А вокруг - прекрасные девы скупают лакомства в Кавернвилле. Даже сейчас, в этой взъерошенной стуже скачут в кроссовках и шерстяных носках, в кремовых плащиках. Поколение, отлитое по единому образцу, Великий Белый Модельер возлежит, усмехаясь, на своей роскошной постели, пока застывает жидкость. Но он еще не знает силы моих легких. Здесь тот, кто будет дуть и рушить домики. Второкурсники в молодежных пиджаках, словно субботние журналы, отпечатанные в четверг. Учебники в новеньких обложках только что из книжного магазина; логарифмические линейки в длинных кожаных футлярах; палаши в ножнах; вытертые до девственных хлопковых волокон брючки; накрахмаленные до бритвенной остроты складки; оксфордские рубашки с выложенными поверх свитеров воротниками; стреляющие по сторонам голубые глазки, потрясенные андроидной синтетикой витаминов по штуке в день, апельсиновым соком "Тропикана", свежими деревенскими яйцами, крафтовским гомогенизированным сыром, пирамидками обогащенного молока, хлопьями со спелыми бананами, жареными в кукурузной муке цыплятами, пломбиром с горячим сиропом, легким пивом с мороженым "Снежинка", чизбургерами, тертой гибридной кукурузой, экстрактом рибофлавина, пивными дрожжами, хлебцами с арахисовым маслом, запеканками из тунца, оладьями с искусственным кленовым сиропом, куриными отбивными, случайным омаром из Мэна, бисквитами к чаю, обезжиренной пророщенной пшеницей, концентратами "Келлогг", рубленой фасолью, "Чудо-Хлебом", шоколадным сиропом "Боско", мороженым горошком "Птичий глаз", мелконарезанным шпинатом, луковыми кольцами, салатом эскариоль, чечевичным рагу, потрохом домашней птицы, ореховым печеньем, миндальными пирожными, ауреомицином, пенициллином, антистолбняковым токсоидом, вакциной от краснухи, алка-зельцером, "эмпирином", жаропонижаюшими от "Викса", "арридом" с хлорофиллом, спрэем от насморка "суперанахист", деконгестантом "дристан", миллиардами кубических футов здорового повторно-кондиционированного воздуха и еще более здоровыми плодами земляческих упражнений, доступных западному человеку.
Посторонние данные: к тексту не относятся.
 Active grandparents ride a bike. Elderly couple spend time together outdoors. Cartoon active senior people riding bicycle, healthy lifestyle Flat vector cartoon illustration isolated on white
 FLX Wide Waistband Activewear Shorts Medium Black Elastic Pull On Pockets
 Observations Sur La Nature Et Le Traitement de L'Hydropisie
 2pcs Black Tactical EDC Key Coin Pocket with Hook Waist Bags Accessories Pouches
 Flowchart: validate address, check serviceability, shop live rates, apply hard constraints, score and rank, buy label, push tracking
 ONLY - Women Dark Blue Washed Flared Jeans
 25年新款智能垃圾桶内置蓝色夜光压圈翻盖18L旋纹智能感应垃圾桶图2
Ах, регламентированная добрая воля и насильно впихнутое доверие тех, кто не кроток, но все равно унаследует царствие земное.
Он вспомнил, как они с Хеффом встречали в прошлом году Рождество. Мексиканская трава и корытце мартини, машина, угнанная с пурпурной пьянки
- тогда в "Копье Гектора" они стояли перед импортными яслями, полчаса таращились на склоненные над колыбелью фигуры высотой почти в ярд и слушали грегорианские песнопения, разливавшиеся из динамика над головами. Один пастух явно страдал косоглазием.
Секи, Хефф, - Себастьян.
Где?
Вон тот косой чабан. За стариной Иосифом.
А, да, смотри - точно косой.
Безвкусица, правда?
Кто бы говорил?
У него же все двоится, сечешь?
А-а.
Младенцев-христосиков тоже получается двое.
Иди ты.
Нехорошо это.
А?
Два маленьких иисусика, понимаешь, Господи, это же римский парадокс.
Я врубился, Папс.
Сейчас мы одного уберем, и все встанет на место.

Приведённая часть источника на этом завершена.